==== Exercise materials ====

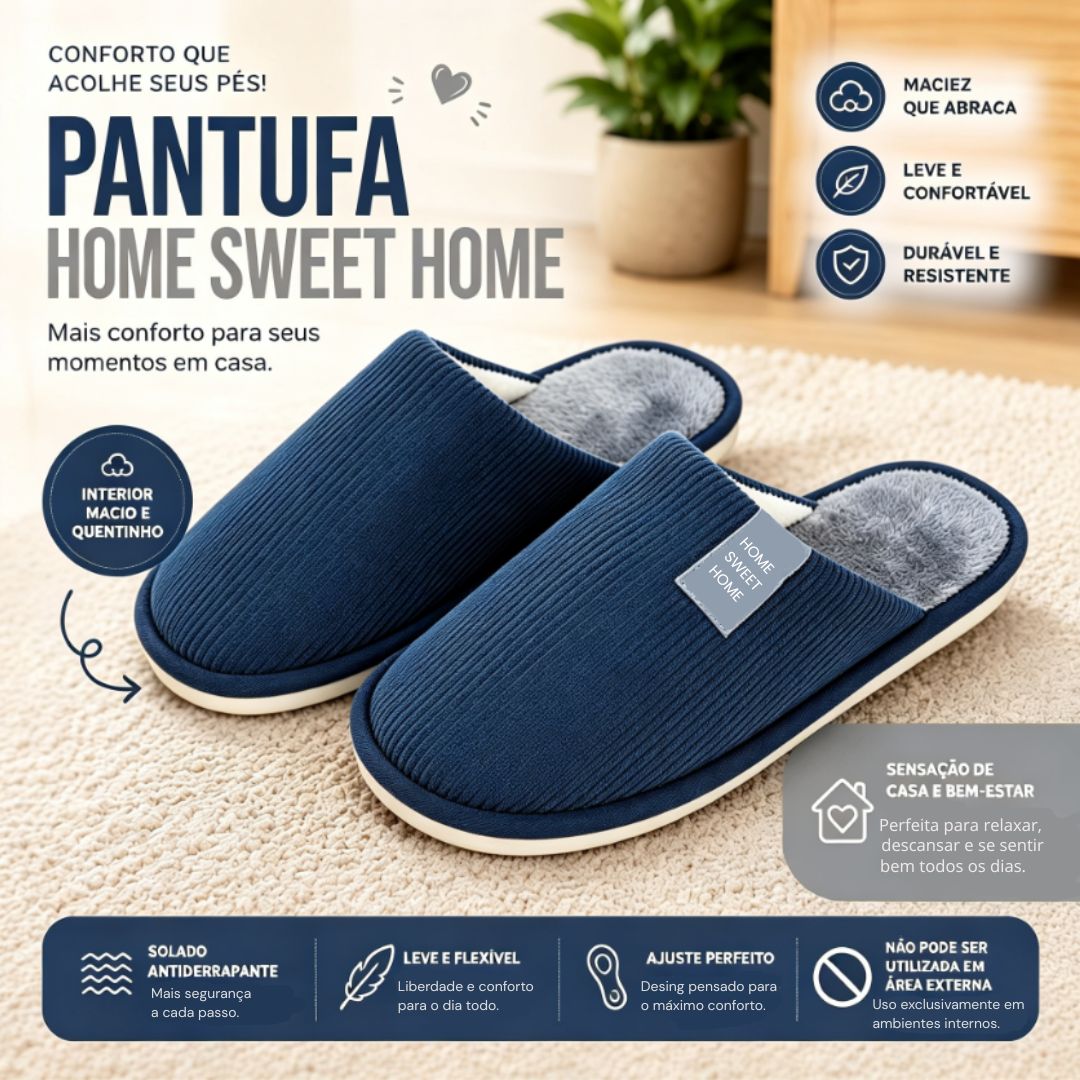 Pantufa Azul Masculino Peluciada Frio Inverno Pai Chinelo Antiderrapante Quarto Confortável Aconchegante Presente Comfor - Imagem 2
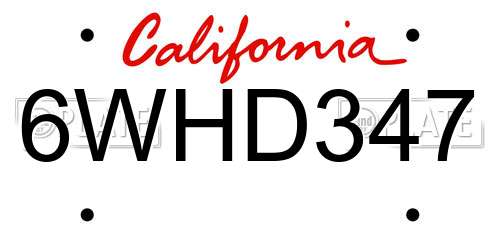 6WHD347 California License Plate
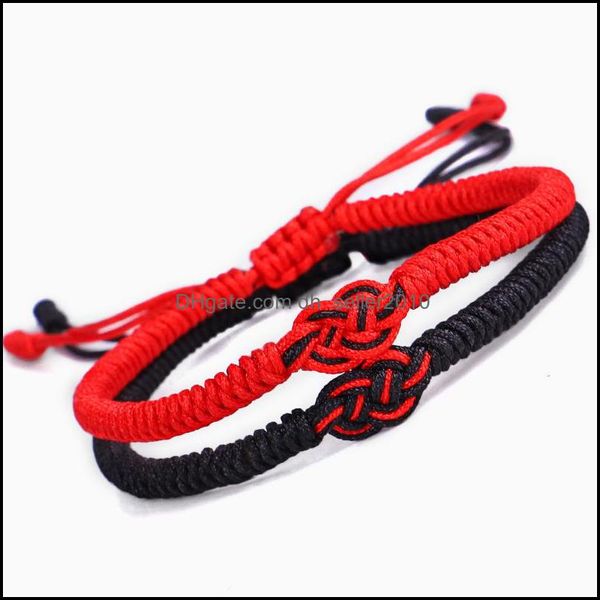

link chain rope bracelets and couples hand braided double money knot red bracelet men women concentric drop delivery 202 dhseller2010 dhx3k, Black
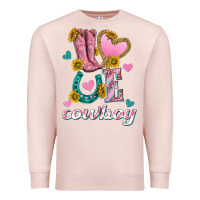 Pale Pink love western cowboy Premium Sweatshirt - texasbilliewilder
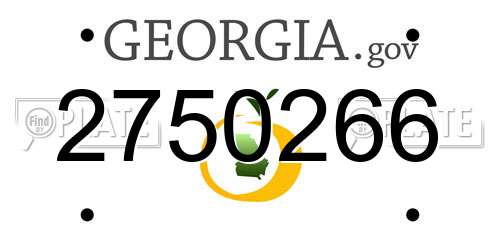 2750266 Georgia License Plate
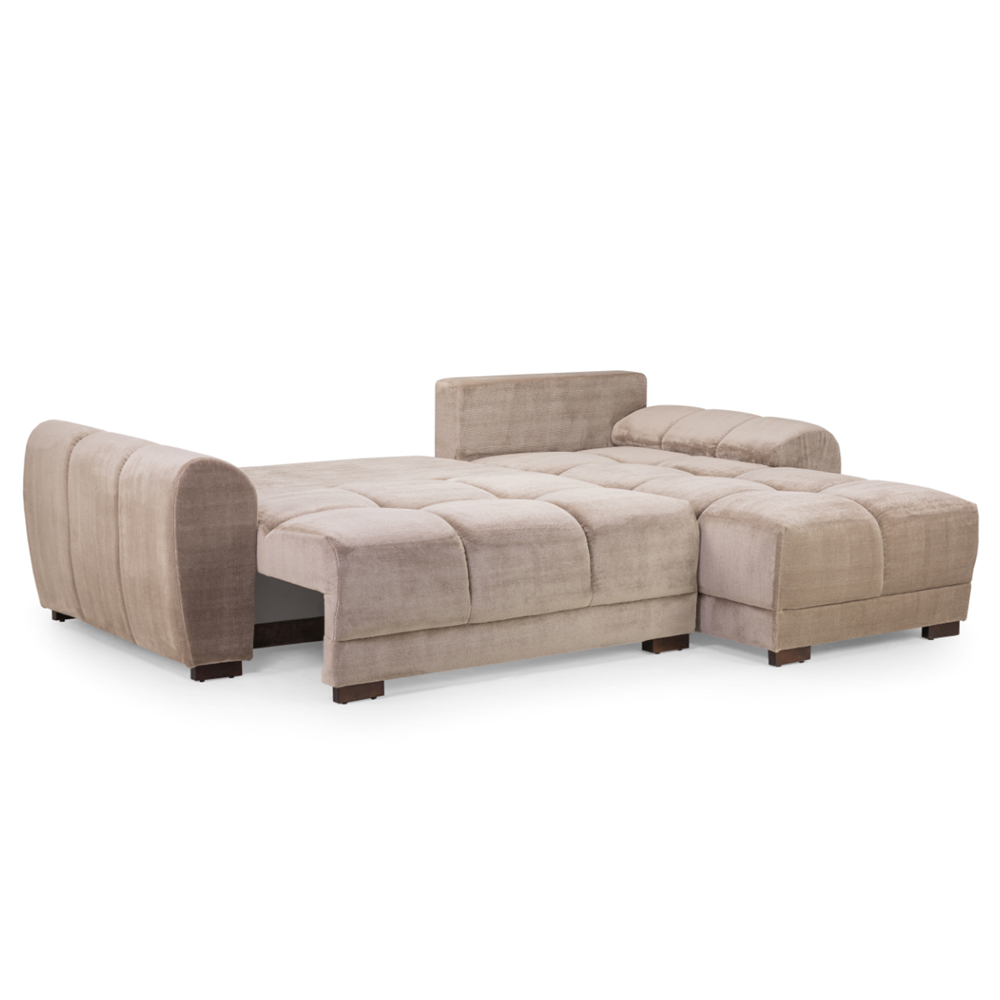 Aztec Plush Velvet Corner Sofa Bed In Mocha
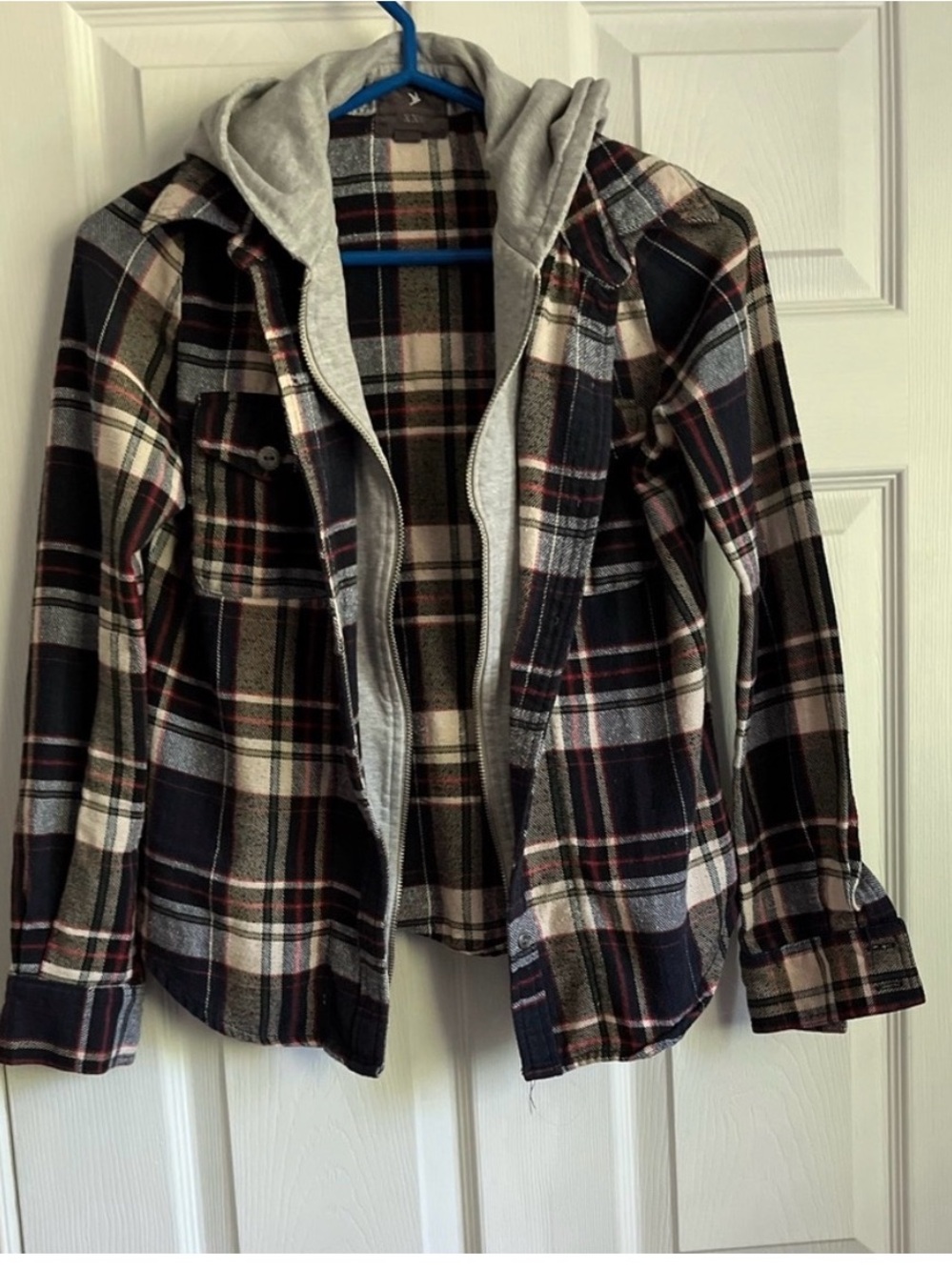 Forever 21 Black, Cream and Red Plaid Hooded Shirt Jacket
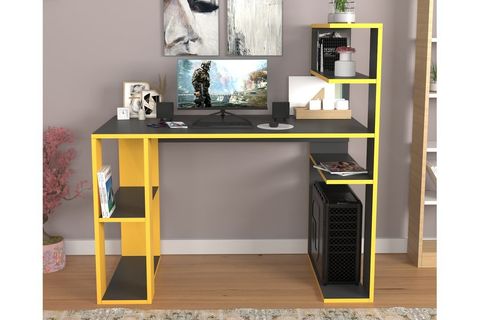 MİLENYUM RAFLI ÇALIŞMA MASASI, SARI ANTRASİT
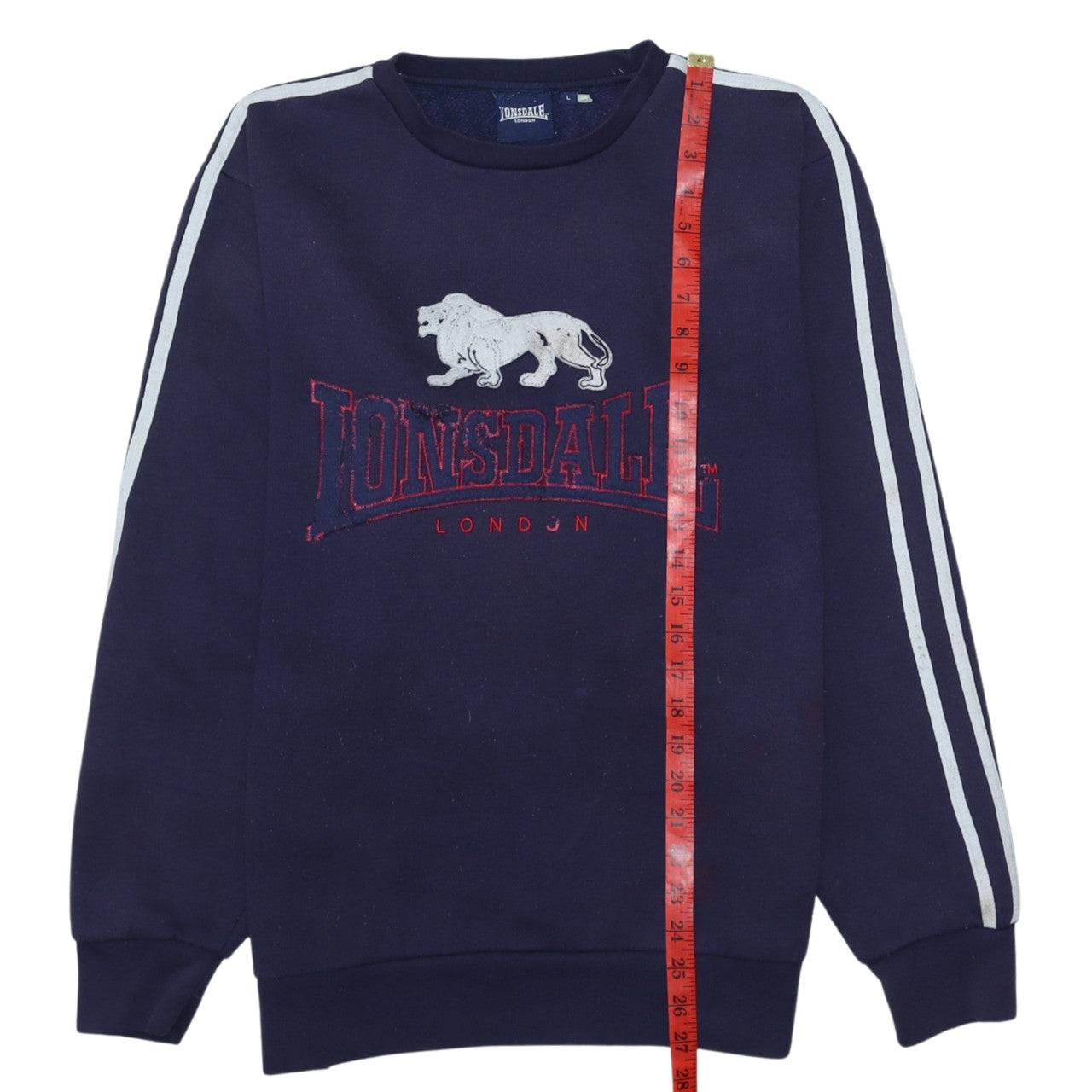 Lonsdale Men's Blue Crew Neck Embroidered Logo Sweatshirt L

====

-- Aim of the exercise --
Could you copy all of the entries above exactly, without the pictures?

-- Exercise solution --
 Pantufa Azul Masculino Peluciada Frio Inverno Pai Chinelo Antiderrapante Quarto Confortável Aconchegante Presente Comfor - Imagem 2
 6WHD347 California License Plate

link chain rope bracelets and couples hand braided double money knot red bracelet men women concentric drop delivery 202 dhseller2010 dhx3k, Black
 Pale Pink love western cowboy Premium Sweatshirt - texasbilliewilder
 2750266 Georgia License Plate
 Aztec Plush Velvet Corner Sofa Bed In Mocha
 Forever 21 Black, Cream and Red Plaid Hooded Shirt Jacket
 MİLENYUM RAFLI ÇALIŞMA MASASI, SARI ANTRASİT
 Lonsdale Men's Blue Crew Neck Embroidered Logo Sweatshirt L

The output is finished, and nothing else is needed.